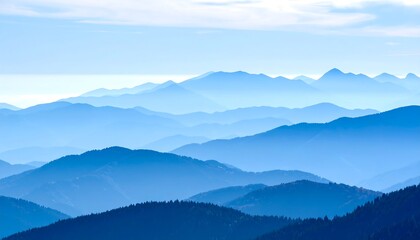 Obraz premium Misty blue mountain range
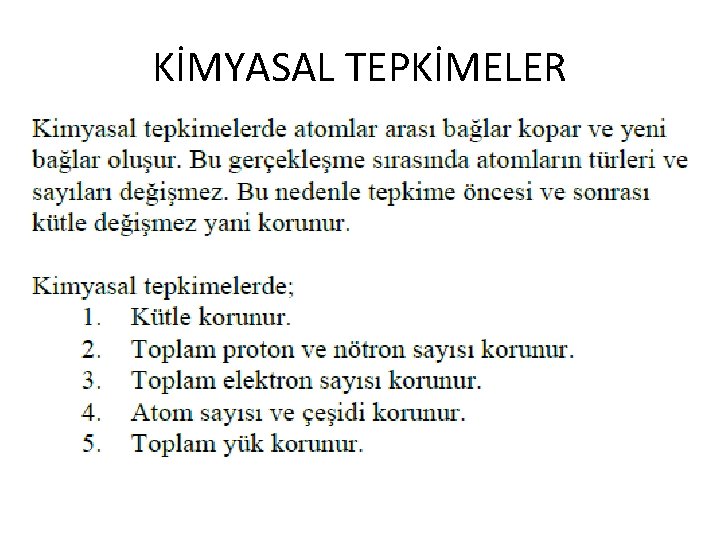 KİMYASAL TEPKİMELER 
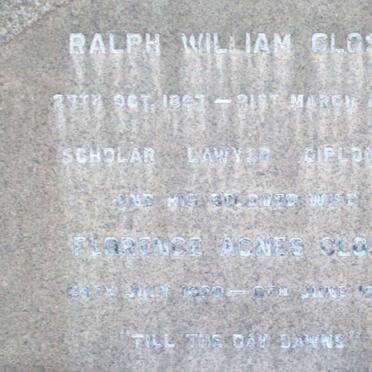 CLOSE Ralph William 1857-1945 &amp; Florence Agnes 1870-1958 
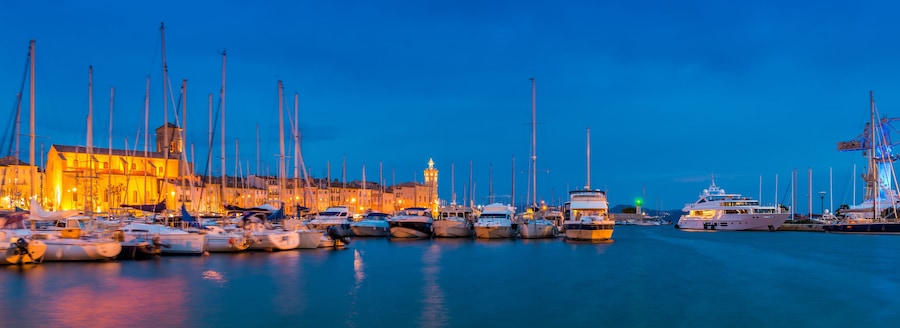 La Ciotat la nuit, Bouches-du-Rhône, Provence, France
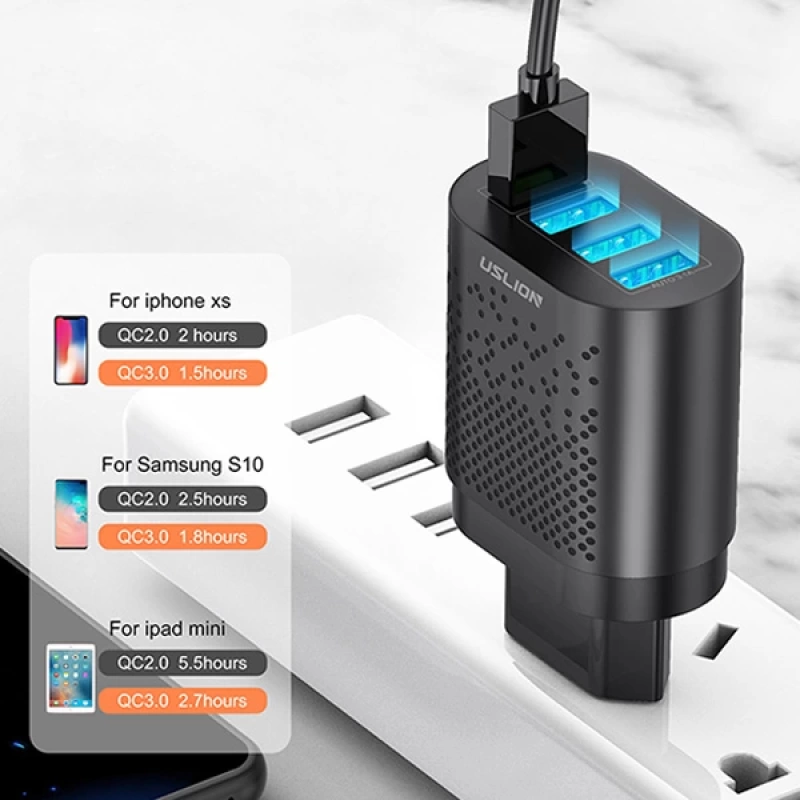 USLİON 4 Port 48W QC 3.0 Hızlı Şarj Usb Şarj Başlık Adaptör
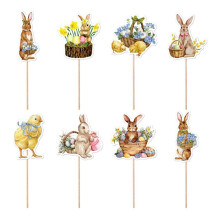 Osterhasen-Cupcake-Picker, Karotten- und Hasenmotiv, 8 Stück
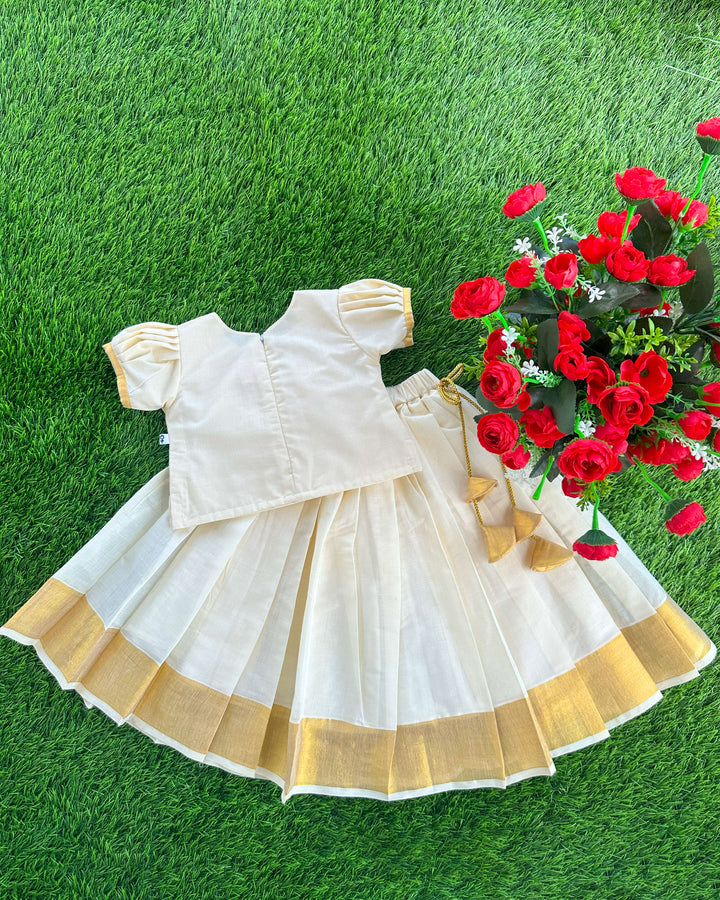Cream & Golden Shade Onam Special Kerala Kasavu Applique Embroidery Lehenga Choli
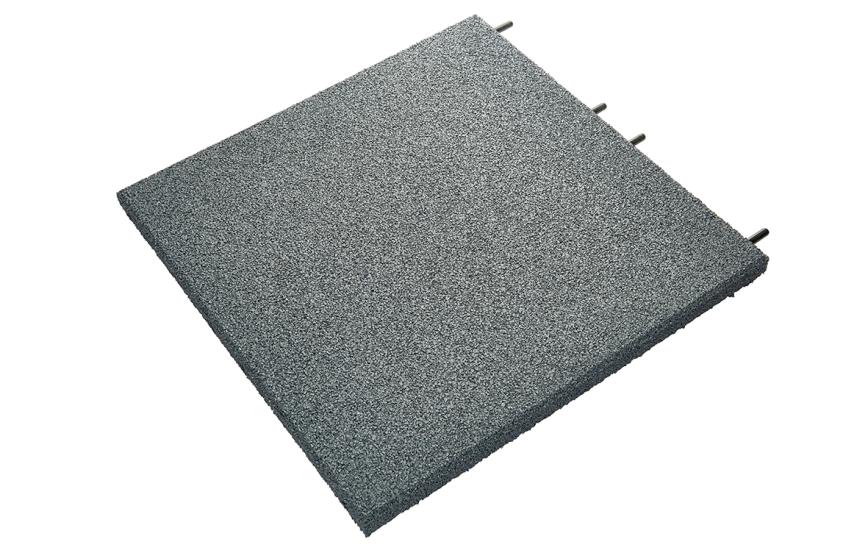 UniSoft gummiflise, Grå, 500mm x 500mm x 30mm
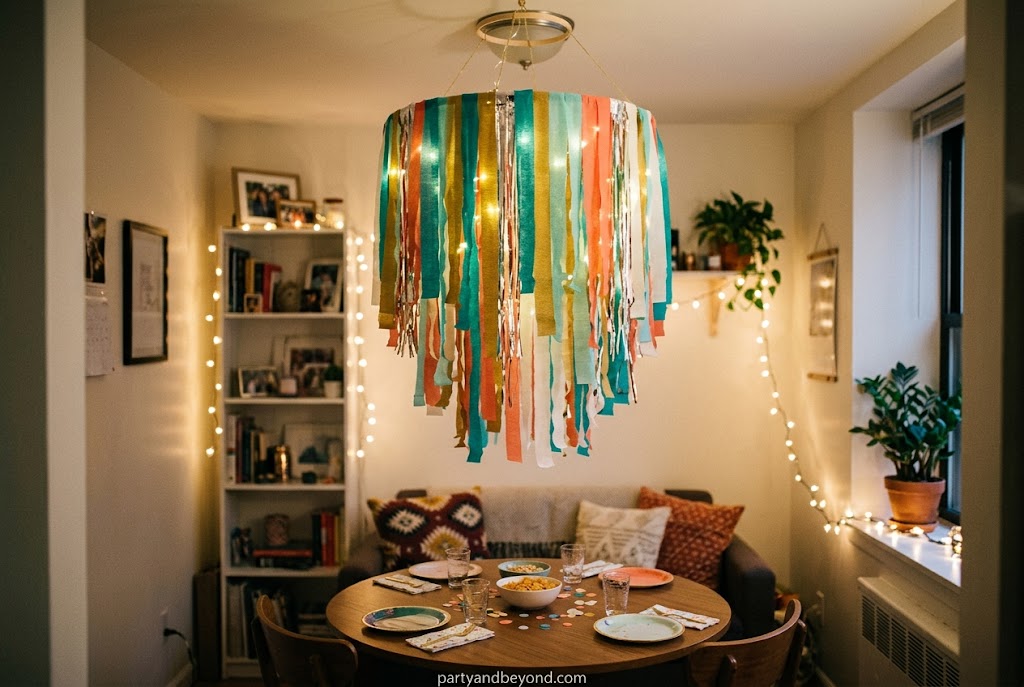 Creative streamer chandelier hanging above a party table in a small room.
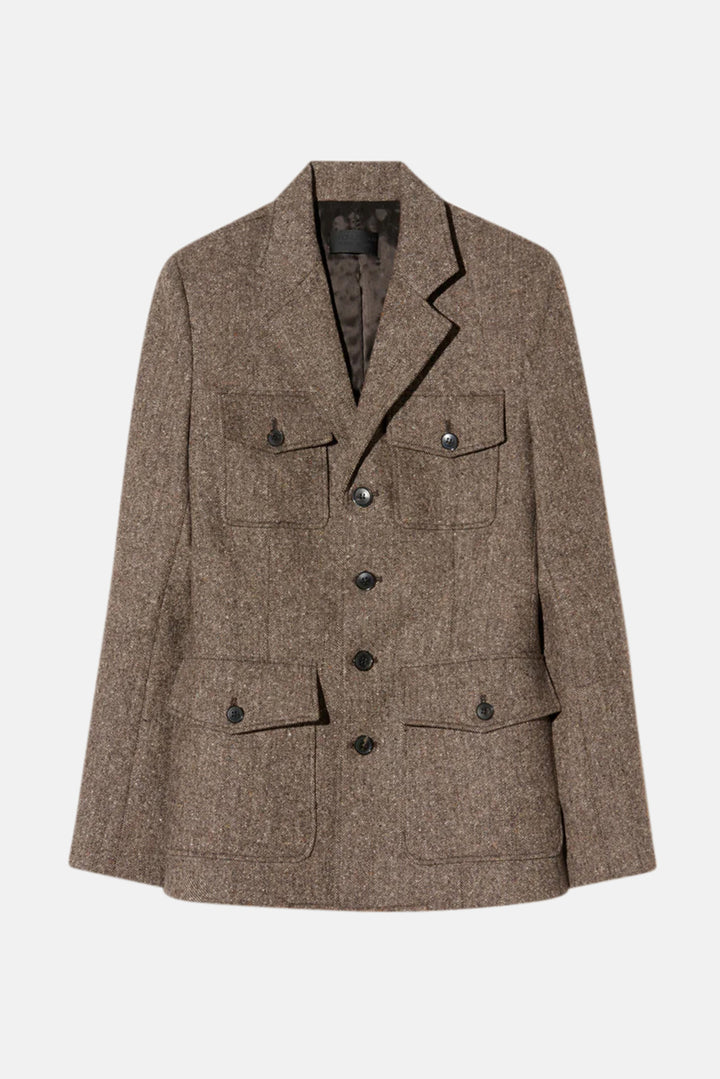 Fleur Jacket With Combo Brown Donegal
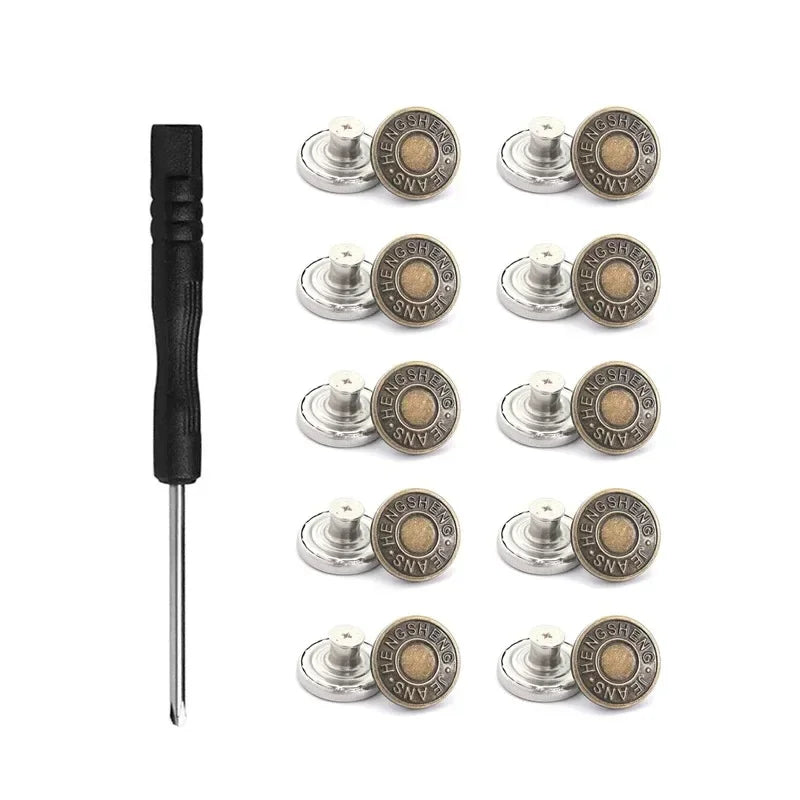 Jeans Button Repair Kit with Tool (17mm)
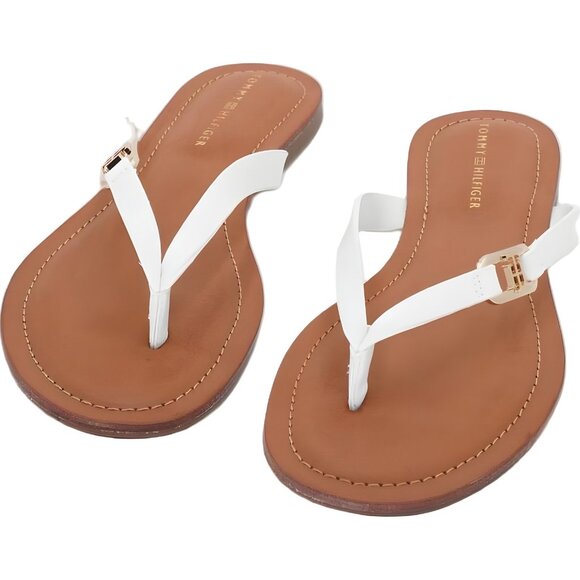 Tommy Hilfiger Liande White Logo Flat Thong Sandals Women's US 10M - Picture 5 of 6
═══
■ What this task involves
Leave out the images and transcribe all the records exactly.

■ Answer
 Obraz premium Misty blue mountain range
 KİMYASAL TEPKİMELER 
 CLOSE Ralph William 1857-1945 &amp; Florence Agnes 1870-1958 
 La Ciotat la nuit, Bouches-du-Rhône, Provence, France
 USLİON 4 Port 48W QC 3.0 Hızlı Şarj Usb Şarj Başlık Adaptör
 Osterhasen-Cupcake-Picker, Karotten- und Hasenmotiv, 8 Stück
Cream & Golden Shade Onam Special Kerala Kasavu Applique Embroidery Lehenga Choli
 UniSoft gummiflise, Grå, 500mm x 500mm x 30mm
 Creative streamer chandelier hanging above a party table in a small room.
 Fleur Jacket With Combo Brown Donegal
 Jeans Button Repair Kit with Tool (17mm)
 Tommy Hilfiger Liande White Logo Flat Thong Sandals Women's US 10M - Picture 5 of 6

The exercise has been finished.